题型:阅读理解 题类:常考题 难易度:普通
江西省高安中学2018-2019学年高二上学期英语期中考试试卷
Karen Bystedt was born in Israel, but lived in London and California as a child. In 1982, as a photography (摄影) student at New York University, she was photographing male models for a book when she came across an ad featuring Andy Warhol, a very famous artist. She thought it would be really great to put him in her book.
So she called Andy Warhol at his studio in Union Square and asked if she could photograph him.
Two weeks later, Bystedt took a rented Hasselblad camera and lights to Warhol's famed "Factory" on 14th street. She ended up taking 36 pictures, and published two in her book, Not Just Another Pretty Face, published in 1983. Warhol came to its launch (发行) party—and that was the last time she saw him.
A few years later, she packed the portraits in a box and moved to Los Angeles. But after she'd gotten settled, she couldn't find them. She couldn't remember whether she had given the photos away or just left them in some forgotten storage unit. Either way, she thought they were lost forever.

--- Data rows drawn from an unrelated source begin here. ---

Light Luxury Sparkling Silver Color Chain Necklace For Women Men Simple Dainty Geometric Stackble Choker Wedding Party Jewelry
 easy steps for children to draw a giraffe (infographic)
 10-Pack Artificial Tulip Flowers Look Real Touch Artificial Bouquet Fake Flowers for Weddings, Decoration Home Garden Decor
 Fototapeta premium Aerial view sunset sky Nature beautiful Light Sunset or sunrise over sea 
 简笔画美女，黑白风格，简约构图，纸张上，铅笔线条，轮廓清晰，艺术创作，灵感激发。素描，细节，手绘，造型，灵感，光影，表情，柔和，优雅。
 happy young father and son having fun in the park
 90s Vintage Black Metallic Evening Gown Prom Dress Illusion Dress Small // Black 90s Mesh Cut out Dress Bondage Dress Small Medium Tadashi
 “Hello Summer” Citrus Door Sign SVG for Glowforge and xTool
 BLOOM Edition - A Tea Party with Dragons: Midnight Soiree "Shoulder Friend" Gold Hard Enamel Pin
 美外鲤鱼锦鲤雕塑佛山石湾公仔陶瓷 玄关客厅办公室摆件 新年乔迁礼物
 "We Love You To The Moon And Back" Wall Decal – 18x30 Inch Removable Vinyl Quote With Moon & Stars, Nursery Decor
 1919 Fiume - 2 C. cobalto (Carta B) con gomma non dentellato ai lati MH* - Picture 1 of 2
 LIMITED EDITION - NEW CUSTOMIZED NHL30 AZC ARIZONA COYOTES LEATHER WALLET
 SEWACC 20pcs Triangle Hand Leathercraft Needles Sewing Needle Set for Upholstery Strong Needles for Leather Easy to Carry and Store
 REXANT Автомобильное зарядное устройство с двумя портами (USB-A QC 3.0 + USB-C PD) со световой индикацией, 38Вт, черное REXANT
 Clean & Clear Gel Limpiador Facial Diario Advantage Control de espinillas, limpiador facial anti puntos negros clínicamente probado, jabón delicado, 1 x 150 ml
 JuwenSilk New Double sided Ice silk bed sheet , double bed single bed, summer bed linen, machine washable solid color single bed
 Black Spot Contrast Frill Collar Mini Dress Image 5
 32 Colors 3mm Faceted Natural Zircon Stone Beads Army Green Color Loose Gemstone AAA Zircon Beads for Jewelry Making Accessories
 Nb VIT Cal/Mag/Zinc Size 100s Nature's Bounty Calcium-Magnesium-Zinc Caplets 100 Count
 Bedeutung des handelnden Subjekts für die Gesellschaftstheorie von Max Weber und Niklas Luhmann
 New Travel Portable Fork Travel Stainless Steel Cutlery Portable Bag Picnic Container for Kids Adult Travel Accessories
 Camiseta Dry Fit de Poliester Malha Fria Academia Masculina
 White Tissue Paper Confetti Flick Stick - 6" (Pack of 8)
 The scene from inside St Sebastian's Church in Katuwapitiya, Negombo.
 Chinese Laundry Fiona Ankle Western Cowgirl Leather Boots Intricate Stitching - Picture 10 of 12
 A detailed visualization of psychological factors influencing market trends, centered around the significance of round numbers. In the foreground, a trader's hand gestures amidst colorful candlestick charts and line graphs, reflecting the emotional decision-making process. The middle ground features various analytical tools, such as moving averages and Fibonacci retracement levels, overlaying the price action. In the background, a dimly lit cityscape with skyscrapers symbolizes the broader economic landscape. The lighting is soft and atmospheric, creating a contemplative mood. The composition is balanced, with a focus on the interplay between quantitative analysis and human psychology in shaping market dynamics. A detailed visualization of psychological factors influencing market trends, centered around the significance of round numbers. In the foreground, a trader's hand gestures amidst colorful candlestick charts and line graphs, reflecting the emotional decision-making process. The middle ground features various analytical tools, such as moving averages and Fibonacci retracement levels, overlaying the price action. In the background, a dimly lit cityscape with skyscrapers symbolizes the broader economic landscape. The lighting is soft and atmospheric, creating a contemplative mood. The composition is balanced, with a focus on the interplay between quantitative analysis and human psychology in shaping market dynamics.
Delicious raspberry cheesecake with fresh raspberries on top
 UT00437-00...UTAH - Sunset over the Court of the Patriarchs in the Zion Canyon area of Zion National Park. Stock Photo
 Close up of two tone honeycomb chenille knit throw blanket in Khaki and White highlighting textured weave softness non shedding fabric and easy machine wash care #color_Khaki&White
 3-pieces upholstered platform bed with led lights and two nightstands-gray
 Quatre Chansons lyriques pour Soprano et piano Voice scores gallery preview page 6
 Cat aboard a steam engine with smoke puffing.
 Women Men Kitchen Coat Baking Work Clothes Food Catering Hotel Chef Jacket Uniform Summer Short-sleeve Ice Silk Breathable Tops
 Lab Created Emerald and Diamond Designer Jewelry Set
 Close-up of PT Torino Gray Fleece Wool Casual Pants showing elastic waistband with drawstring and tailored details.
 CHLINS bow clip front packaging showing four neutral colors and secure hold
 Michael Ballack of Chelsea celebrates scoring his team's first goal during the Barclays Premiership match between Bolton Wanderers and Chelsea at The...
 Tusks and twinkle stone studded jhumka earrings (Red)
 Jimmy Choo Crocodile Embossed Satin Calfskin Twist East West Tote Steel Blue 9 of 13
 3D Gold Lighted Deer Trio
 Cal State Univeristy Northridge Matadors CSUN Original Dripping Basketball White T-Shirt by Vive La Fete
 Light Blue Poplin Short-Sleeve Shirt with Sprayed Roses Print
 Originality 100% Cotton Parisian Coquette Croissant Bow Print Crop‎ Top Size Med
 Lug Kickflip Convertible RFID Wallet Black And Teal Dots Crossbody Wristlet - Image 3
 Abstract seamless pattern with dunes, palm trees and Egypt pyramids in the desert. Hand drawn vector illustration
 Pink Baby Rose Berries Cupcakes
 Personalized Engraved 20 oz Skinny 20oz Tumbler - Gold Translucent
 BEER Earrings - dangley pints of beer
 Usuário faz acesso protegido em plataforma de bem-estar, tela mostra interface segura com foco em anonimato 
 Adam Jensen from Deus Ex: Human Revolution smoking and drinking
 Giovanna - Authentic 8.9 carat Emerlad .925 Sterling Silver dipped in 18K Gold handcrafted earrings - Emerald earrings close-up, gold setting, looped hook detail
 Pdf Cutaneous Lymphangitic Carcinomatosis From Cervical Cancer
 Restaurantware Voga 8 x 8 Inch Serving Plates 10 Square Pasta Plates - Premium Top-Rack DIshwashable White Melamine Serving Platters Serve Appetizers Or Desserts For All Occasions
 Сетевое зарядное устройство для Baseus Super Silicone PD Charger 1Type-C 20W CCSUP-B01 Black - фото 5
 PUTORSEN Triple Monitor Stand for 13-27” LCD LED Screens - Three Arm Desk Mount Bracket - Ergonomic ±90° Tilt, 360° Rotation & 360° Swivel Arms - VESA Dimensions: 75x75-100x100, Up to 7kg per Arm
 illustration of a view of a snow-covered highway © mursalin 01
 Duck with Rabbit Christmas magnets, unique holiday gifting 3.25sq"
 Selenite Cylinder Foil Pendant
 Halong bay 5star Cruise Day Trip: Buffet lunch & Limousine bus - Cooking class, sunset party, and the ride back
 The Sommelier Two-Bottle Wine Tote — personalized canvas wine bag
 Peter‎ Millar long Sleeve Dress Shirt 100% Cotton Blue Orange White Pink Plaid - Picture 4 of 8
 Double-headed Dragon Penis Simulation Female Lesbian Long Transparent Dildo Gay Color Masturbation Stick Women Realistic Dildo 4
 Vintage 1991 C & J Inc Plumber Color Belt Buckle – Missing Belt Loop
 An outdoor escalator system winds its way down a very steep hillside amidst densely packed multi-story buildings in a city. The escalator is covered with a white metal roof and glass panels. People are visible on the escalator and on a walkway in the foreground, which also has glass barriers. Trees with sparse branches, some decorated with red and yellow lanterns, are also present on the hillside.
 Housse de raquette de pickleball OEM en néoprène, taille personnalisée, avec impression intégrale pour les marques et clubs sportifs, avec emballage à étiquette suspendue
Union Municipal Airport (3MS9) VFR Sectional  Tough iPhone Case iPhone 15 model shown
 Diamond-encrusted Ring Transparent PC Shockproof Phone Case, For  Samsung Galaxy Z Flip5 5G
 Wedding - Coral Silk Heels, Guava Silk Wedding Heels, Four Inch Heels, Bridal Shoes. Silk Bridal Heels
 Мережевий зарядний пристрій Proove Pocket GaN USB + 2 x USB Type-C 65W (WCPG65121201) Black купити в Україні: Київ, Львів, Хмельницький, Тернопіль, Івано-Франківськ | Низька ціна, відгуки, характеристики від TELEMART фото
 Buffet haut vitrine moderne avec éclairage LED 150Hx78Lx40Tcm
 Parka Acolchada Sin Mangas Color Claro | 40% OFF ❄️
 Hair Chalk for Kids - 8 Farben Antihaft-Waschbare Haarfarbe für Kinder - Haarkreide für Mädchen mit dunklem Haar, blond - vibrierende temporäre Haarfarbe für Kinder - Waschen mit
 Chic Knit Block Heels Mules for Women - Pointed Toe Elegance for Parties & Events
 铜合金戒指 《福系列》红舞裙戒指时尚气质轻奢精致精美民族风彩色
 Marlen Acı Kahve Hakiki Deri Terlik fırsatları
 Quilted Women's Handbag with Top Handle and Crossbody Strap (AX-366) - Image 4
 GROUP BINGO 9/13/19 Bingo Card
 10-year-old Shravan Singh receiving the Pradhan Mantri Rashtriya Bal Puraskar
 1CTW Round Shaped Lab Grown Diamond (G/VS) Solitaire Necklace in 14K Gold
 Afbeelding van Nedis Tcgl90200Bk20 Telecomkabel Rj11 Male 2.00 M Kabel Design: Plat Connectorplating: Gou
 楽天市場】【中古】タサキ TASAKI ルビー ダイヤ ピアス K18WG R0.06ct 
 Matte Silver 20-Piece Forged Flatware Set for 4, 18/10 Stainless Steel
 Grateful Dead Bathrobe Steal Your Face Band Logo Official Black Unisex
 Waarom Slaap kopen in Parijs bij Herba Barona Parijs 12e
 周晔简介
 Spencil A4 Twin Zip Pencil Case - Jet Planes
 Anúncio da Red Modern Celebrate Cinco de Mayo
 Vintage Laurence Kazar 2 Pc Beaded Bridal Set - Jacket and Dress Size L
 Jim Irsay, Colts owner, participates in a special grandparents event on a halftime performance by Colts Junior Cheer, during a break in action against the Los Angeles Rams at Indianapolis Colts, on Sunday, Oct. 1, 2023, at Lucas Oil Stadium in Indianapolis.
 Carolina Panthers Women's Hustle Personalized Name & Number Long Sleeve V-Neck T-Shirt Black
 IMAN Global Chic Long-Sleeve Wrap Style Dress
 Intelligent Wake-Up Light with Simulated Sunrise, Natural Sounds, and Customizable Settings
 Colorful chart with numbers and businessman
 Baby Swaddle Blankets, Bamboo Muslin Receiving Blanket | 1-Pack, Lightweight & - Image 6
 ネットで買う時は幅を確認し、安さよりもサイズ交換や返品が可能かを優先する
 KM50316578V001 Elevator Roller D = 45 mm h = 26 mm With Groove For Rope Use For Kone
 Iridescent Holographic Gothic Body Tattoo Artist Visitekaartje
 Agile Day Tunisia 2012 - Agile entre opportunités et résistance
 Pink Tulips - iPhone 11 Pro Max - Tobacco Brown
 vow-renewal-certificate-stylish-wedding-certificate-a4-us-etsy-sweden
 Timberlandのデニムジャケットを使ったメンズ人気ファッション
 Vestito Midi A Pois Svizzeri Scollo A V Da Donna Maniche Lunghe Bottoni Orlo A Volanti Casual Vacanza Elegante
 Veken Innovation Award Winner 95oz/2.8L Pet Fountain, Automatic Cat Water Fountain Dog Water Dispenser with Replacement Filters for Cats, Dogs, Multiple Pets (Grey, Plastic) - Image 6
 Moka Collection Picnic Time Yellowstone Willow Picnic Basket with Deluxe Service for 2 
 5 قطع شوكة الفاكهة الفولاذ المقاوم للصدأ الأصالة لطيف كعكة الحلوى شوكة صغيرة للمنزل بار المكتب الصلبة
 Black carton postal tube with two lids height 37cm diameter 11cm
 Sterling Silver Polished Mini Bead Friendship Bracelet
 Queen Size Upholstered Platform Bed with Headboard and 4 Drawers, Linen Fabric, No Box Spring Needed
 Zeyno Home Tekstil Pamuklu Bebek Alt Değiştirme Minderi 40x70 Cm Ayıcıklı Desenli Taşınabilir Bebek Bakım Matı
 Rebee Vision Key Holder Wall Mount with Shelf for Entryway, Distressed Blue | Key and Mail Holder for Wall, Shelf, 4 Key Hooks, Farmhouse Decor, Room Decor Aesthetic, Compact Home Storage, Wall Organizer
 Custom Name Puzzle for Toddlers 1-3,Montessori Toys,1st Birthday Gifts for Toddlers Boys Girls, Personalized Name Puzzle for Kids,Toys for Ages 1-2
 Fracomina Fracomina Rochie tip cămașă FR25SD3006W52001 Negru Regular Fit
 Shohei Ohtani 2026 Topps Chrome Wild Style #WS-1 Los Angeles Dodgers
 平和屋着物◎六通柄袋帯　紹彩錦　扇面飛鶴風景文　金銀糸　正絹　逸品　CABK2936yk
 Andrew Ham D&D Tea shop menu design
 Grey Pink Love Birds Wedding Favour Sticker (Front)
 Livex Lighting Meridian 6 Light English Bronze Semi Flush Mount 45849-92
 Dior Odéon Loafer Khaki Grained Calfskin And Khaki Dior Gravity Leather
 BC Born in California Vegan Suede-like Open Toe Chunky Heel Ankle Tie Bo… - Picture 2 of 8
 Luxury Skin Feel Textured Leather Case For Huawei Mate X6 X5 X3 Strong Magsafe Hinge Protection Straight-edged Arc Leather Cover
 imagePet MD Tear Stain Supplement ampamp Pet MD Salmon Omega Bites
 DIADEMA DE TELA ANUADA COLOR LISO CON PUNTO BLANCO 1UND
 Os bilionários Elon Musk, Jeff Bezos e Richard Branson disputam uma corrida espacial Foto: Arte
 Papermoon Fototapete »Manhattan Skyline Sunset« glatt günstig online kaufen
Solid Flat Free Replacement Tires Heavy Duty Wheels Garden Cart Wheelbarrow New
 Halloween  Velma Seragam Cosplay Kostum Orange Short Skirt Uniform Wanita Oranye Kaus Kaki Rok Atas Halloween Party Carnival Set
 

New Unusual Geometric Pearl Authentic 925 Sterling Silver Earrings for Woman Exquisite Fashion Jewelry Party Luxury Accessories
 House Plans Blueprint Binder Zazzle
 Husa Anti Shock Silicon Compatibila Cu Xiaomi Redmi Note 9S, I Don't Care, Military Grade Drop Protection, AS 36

In 2011, Bystedt became determined to find the missing films(底片). She spent two weeks going through two old garages, where she had put a bunch of belongings decades before. In a cardboard box, she found ten of the original films, covered in dust. She and a friend spent four months digitizing and cleaning the images up, pixel(像素) by pixel.
Bystedt was not content to merely publish the unseen photos. She invited contemporary artists to paint over and around her Warhol pictures, breathing new life into her old work. So she began reaching out to artists, seeing if they would be interested in putting their own stamp on the pictures.
The responses was overwhelming. Bystedt's new exhibit, "The Lost Warhols," opened on May 1, 2018 at 178 Sixth Avenue in Soho, New York, included 66 different interpretations of her portraits from 34 artists.